▶ **Supplied material**
● ● ● ● ●
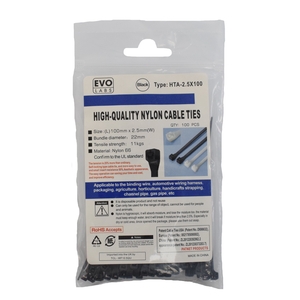 Evo Labs Evo Labs  100x Cable Ties 2.5mm wide x 200mm long (Black)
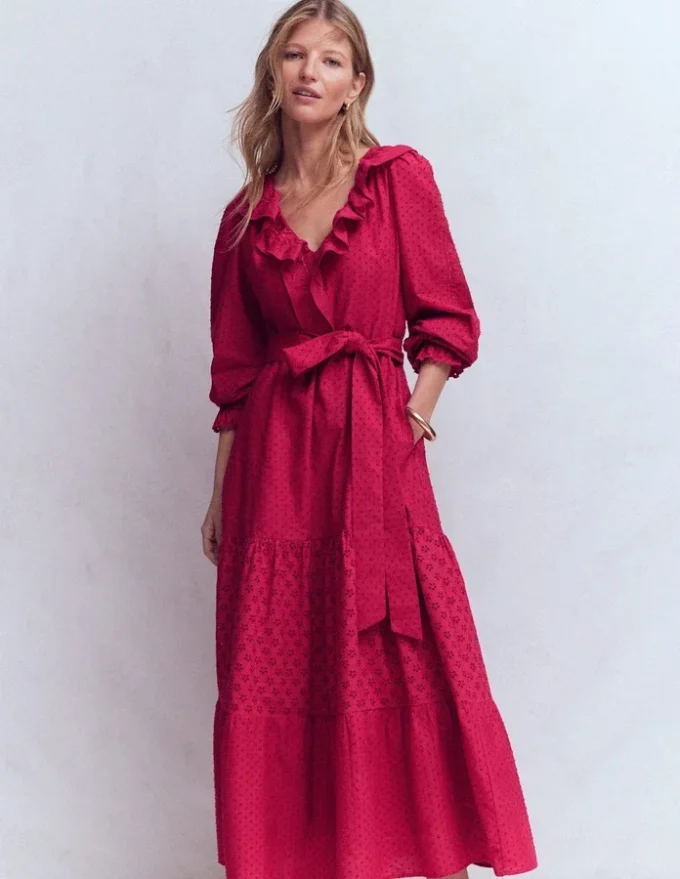 Ruffle Front Cotton Dress Persian Red Ruffle Front Cotton Dress Persian Red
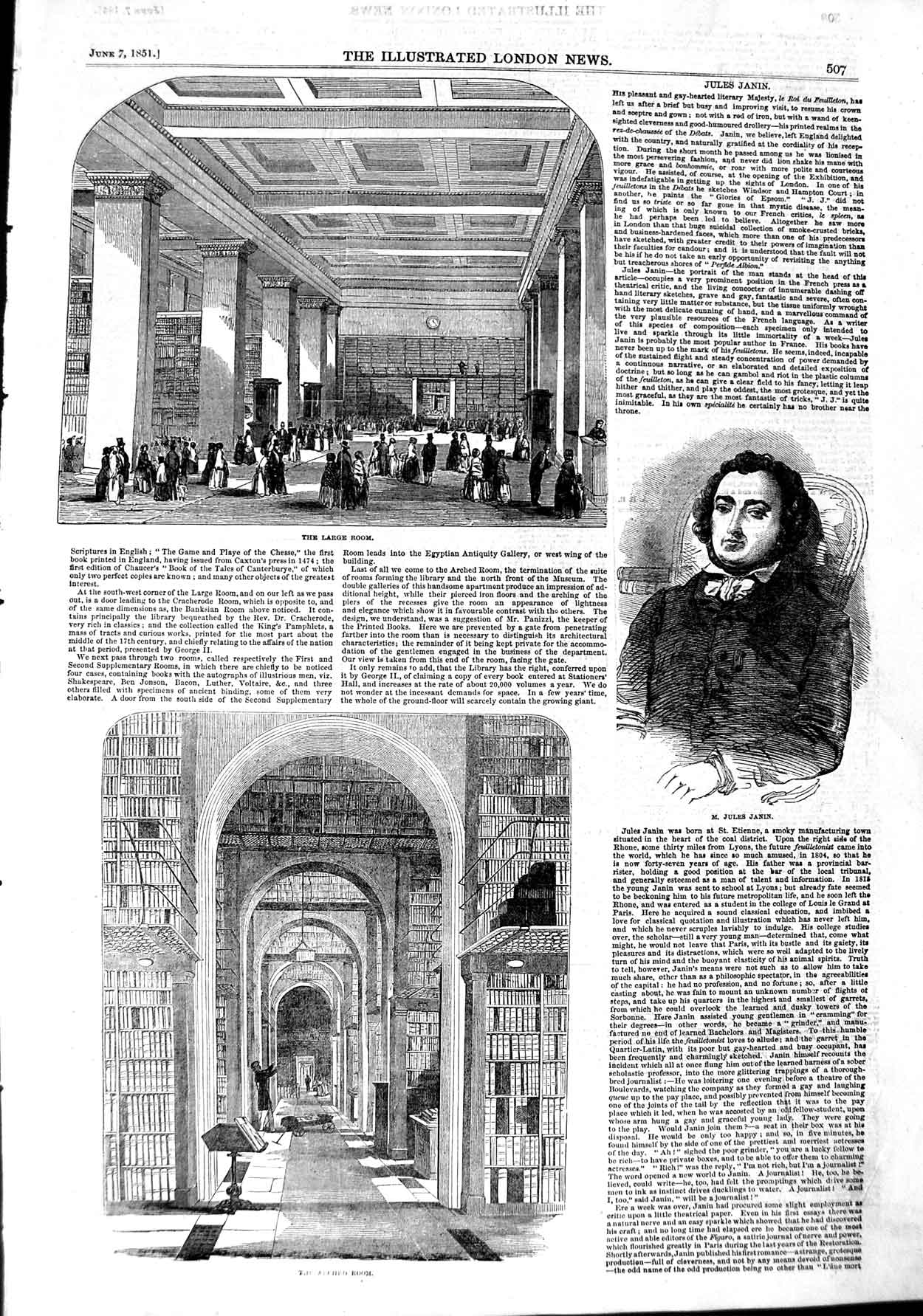 Original Old Antique Print 1851 Portrait Jules Janin British Museum Rooms 19th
● ● ● ● ●
▶ **Exercise prompt**
Reproduce the whole listing above word for word, dropping each image.

▶ **Solution for this problem**
 Evo Labs Evo Labs  100x Cable Ties 2.5mm wide x 200mm long (Black)
 Ruffle Front Cotton Dress Persian Red Ruffle Front Cotton Dress Persian Red
 Original Old Antique Print 1851 Portrait Jules Janin British Museum Rooms 19th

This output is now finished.